As we grew older, more conversation was allowed, but nothing of a gory nature (no surgeries, descriptions of accidents, or other things that would be revolting while consuming food---no "organ recitals," as we call them now.) Our parents enjoyed us, but our lives were parent-focused rather than youth focused. The conversation would be guided by our parents until we could prove our ability to speak in an edifying way.

Meal times were actually so wonderful, that they were to us the same as going to a movie or a special event is today. They were the highlight of the day. Before we were allowed to be seated, some of us had to help set the table and put the food on. We were asked to be seated only when mother was ready, and not encouraged to sit and wait or get up to the table just because we saw it being set.

Often on the table was a centerpiece created from nature by one of the children. Mother liked the lilies from the lake, which she gathered when she rowed out in the little dory (a skiff, a small row boat) in the mornings. These were put in a shallow bowl of water, where their waxy beauty and scent enchanted us all for days. Other centerpieces were as imaginative as you can get: ferns and rocks with moss in a box, or sea shells in a bowl of sand. Flowers were always a favorite, consisiting of fireweed or forget-me-nots.
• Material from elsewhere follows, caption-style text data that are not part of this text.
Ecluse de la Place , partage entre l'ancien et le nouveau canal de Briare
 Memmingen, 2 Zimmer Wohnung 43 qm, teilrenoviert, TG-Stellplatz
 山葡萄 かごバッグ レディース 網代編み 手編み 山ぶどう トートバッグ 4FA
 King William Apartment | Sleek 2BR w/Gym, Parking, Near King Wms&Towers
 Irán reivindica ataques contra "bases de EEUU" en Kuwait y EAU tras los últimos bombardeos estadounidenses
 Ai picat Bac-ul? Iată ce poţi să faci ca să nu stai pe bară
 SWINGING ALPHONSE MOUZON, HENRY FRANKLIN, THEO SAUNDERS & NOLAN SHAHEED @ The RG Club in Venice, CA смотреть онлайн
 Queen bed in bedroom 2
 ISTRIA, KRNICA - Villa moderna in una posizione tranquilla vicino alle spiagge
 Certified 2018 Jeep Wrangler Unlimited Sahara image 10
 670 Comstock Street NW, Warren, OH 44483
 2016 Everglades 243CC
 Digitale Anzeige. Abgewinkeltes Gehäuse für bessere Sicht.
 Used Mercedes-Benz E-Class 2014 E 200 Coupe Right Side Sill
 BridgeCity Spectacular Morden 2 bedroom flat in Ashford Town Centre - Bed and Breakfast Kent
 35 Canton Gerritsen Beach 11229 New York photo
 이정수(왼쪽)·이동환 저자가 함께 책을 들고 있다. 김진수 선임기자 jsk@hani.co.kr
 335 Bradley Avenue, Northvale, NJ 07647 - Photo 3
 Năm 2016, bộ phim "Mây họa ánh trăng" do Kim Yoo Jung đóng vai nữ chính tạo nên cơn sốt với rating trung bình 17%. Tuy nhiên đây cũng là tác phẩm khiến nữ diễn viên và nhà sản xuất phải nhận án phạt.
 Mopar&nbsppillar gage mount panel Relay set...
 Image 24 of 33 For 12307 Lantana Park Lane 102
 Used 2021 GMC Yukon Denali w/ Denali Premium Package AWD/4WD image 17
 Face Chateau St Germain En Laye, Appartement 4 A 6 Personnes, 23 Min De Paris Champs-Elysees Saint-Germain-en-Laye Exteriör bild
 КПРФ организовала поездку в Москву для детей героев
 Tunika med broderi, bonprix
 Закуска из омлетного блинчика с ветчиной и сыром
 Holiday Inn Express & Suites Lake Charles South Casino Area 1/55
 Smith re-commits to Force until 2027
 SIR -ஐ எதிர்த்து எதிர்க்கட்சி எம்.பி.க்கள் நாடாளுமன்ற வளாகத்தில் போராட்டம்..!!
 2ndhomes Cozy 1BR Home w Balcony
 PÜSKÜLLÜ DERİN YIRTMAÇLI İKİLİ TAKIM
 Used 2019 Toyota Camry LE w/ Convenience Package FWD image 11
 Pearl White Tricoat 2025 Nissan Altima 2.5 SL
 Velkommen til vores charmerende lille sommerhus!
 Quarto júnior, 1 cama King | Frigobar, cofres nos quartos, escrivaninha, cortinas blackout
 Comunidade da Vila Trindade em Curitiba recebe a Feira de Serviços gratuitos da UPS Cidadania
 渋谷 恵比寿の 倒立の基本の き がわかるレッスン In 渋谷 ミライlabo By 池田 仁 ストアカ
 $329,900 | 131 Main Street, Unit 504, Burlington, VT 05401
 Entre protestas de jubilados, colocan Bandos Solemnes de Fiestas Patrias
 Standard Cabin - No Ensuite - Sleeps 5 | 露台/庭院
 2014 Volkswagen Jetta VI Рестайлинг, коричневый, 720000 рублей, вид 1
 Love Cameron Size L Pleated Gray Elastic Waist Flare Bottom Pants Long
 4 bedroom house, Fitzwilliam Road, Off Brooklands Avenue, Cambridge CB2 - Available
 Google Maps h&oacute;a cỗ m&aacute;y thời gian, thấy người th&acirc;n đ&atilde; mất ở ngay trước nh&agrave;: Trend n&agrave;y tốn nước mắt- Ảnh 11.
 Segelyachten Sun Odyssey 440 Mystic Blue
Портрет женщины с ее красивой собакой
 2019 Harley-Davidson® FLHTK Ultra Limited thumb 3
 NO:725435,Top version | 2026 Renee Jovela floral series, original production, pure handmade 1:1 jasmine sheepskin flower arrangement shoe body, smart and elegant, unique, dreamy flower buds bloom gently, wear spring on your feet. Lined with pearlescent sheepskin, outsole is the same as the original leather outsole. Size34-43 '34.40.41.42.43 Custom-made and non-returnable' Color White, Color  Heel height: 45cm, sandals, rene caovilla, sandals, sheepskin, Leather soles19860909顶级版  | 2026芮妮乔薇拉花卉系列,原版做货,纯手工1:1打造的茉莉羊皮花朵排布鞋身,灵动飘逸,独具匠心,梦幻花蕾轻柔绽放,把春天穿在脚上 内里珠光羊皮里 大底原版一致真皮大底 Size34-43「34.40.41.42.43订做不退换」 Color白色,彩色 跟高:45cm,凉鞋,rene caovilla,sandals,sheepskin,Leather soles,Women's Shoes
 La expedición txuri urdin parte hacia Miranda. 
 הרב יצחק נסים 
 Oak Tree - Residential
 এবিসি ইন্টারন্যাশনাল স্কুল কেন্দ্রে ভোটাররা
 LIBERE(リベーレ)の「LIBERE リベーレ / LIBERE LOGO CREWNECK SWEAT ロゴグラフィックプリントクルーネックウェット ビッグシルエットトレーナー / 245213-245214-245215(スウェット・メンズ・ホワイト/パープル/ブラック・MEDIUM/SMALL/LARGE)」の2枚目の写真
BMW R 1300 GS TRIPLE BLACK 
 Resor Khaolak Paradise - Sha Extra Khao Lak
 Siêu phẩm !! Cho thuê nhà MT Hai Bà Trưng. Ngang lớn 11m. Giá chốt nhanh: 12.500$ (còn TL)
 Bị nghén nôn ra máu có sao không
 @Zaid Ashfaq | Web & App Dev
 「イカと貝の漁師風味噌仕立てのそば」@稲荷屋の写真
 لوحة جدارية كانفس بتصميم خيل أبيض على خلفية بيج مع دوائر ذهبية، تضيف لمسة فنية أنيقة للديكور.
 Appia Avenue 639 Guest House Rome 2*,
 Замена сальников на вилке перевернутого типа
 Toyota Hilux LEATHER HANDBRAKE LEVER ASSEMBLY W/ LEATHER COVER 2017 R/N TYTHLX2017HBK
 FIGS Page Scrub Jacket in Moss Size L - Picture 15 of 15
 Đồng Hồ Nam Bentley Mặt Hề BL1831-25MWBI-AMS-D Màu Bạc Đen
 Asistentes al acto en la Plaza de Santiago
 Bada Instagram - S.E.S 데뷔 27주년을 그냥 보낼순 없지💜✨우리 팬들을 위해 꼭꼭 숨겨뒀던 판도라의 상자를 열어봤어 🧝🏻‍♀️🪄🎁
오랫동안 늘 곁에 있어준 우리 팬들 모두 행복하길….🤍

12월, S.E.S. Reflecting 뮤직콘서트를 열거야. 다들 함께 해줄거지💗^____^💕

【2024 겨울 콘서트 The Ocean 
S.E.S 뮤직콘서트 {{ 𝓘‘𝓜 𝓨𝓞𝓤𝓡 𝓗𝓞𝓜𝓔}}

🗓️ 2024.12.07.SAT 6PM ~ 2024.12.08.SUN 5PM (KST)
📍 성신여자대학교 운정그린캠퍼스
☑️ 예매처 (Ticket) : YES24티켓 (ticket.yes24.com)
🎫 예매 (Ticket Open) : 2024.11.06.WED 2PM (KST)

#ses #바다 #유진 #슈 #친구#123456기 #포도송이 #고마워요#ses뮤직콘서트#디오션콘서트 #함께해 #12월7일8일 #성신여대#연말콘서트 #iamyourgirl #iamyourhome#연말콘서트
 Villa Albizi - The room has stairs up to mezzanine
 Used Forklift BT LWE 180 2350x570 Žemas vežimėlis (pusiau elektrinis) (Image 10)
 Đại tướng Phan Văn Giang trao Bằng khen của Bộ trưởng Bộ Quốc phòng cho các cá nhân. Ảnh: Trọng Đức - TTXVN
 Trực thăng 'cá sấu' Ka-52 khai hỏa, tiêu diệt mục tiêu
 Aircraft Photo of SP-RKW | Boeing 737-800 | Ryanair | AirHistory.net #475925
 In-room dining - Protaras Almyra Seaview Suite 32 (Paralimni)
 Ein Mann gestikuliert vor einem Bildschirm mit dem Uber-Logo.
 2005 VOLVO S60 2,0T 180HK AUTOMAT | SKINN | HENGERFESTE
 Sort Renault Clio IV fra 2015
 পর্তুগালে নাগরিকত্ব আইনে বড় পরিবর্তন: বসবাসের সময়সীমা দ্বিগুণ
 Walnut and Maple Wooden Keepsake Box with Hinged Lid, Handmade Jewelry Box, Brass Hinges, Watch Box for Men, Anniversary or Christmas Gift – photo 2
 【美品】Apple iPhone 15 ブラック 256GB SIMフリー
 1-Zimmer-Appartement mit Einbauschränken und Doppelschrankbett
Lacking nature's centerpieces, a bottle made of colored glass was a delight, especially if the light shone through it and created patterns on the table.

Our food was incredibly simple. It consisted of whatever came from the garden, and the taste was splendid: new potatoes, salads made with fresh lettuce and tomatoes, and strawberries for dessert. It was not so much the food that created a common communion for us, but the activity of sitting around the table together. I believe that this ritual can go a long ways to restoring the loyalty and harmony of the home today. Around their own family dining table, the members can be honest and open in expressing their values. The parents are free to teach their children the importance of good manners. Families do not always feel the freedom to express their own values and beliefs, when eating in public. Although eating out is a real treat, there is no place like home for creating the family communion of dining.


Anonymous said...

I saw the most lovely looking book in my Mother-in-law's kitchen! "Mrs. Dunwoody's Excellent Instructions for Homekeeping."
She was all too happy to let me borrow it, and I'm a quarter of the way through. I am loving it! I just thought I'd let veryone know there's a book out there that's easy to find! :-)
It talks about a bit of everything, and even has some neat lil ideas!

Cherish the Home said...

Hi Mrs. Sherman,
I just thought I'd let you know that I've posted some pictures of my kitchen...if you'd care to see them. (o:

I really liked the rules your parent's had for the dinner table. I think children are VERY important but I don't think they should dominate or be the center of's a bad habit that they can end up coming to expect as adults.


Anonymous said...

This is a beautiful example of mealtimes. I wonder how many times peace and harmony are sacrificed for a quick,everybody grab your own supper. I too came from a large farming family. We took 3 meals a day that included both parents. The only exeption was the children eating the noon meal at school when it was in session. It was just a given that we would all be together at those times. I can never, ever remember a time when either parent, ran out to pick up dinner or did not join the family.

Anonymous said...

Nancy Campbell of has articles encouraging family togetherness at mealtimes. She now has a dvd for sale on the family mealtime. This is one of her free email newsletters:


Exodus 25:23-24, "You shall also make a table of acacia wood. and you shall overlay it with pure gold."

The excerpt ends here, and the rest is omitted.